EVs will also have a direct impact on lithium consumption, which is a key ingredient in many battery technologies. However, the mining of some critical minerals, which includes lithium, in Africa is worrisome, owing to the prevalent use of child labour, cheap labour and conflict financing through illegitimate mines.

“We can no longer speak about blood diamonds alone, but [about] blood lithium as well. There are various problems that people don't really look at; they only look at a specific area and think that is what being sustainable is,” Otisitswe adds.

He believes it is also essential for companies to consider what happens to a product post-use, especially regarding the life cycle of EVs.

When Otisitswe established Impulse International in the Netherlands in 2019 he had hopes of changing people’s perspective about being sustainable, noting that while living in Botswana and South Africa he experienced water shortages and power cuts and he wanted to be instrumental in bringing about solutions.

He has hopes to return to Africa in five years’ time to apply the knowledge he gains in Europe, as well as introduce the company’s offerings to the African mining market.
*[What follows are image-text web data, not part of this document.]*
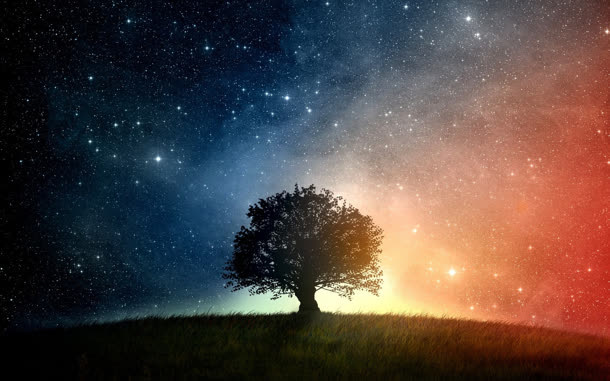 唯美星空星辰银河免抠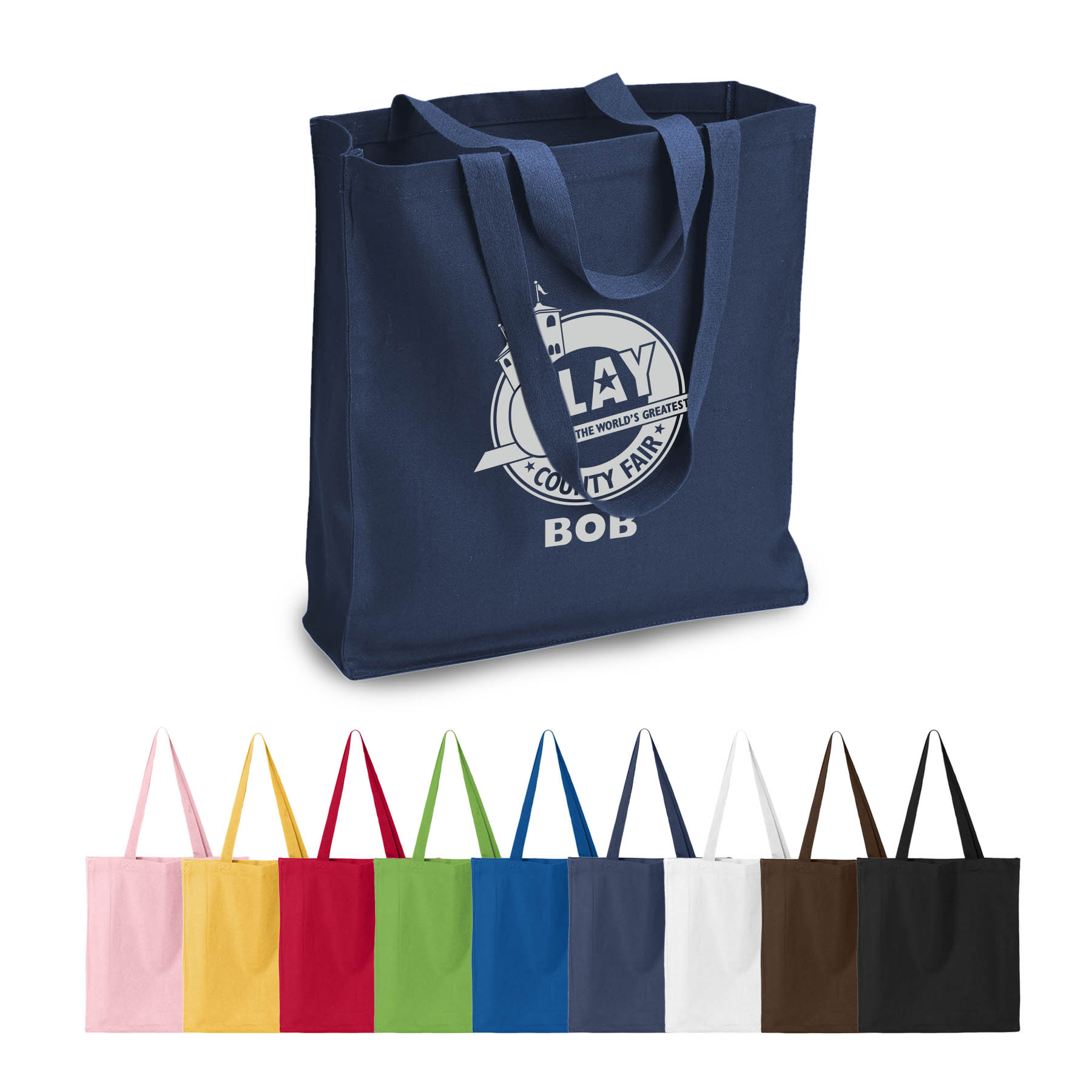 12 oz. Heavy Cotton Gusset Shopping Tote Bag_R111BT 8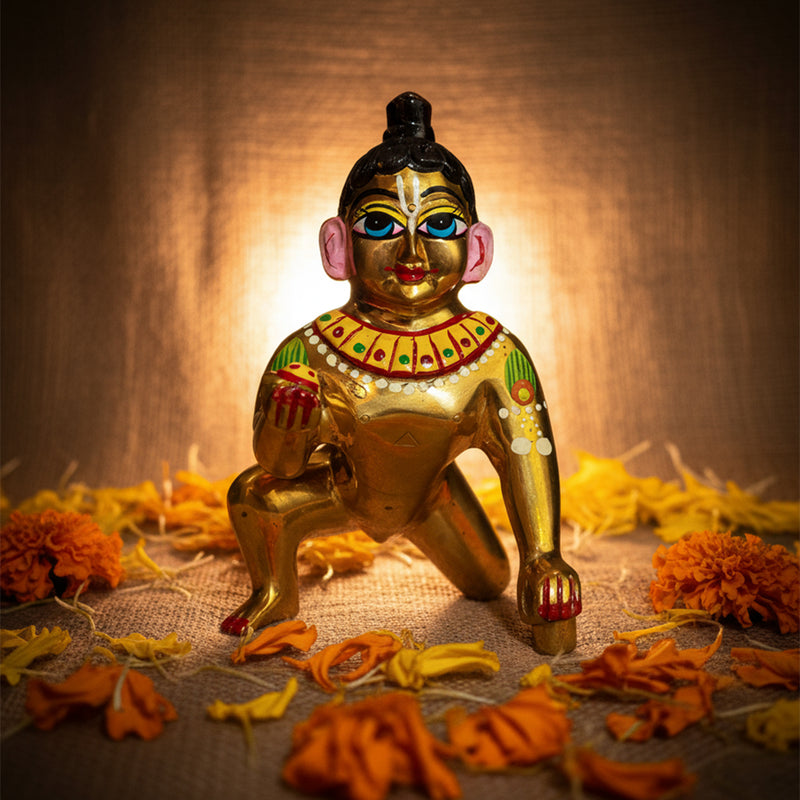 Brass Laddu Gopal Idol Full Premium Hand Painted Size No 7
In this way, he plans to help companies quantify their CO2 emissions to reduce them and assist with mitigation measures.

Impulse International’s “weten meten” philosophy – meaning “measuring is knowing” in Dutch – strongly focuses on measuring CO2 emissions to ensure that sustainability is successfully achieved through accurate calculations.

Otisitswe says in creating Impulse International’s framework, the firm is able to identify carbon-intensive hot spots and help customers reduce CO2 emissions by analysing every regulation and providing compliance advice.

There are hotspots with companies and they can be identified along various points in the supply chain


Through customised life-cycle analysis (LCA), Impulse International conducts research on regulations and compiles interactive reports that enable employees and customers to better understand the level of their CO2 emissions.

Big companies cannot ignore sustainability anymore, as the negative impacts of not embracing sustainability measures are becoming more evident, says Otisitswe.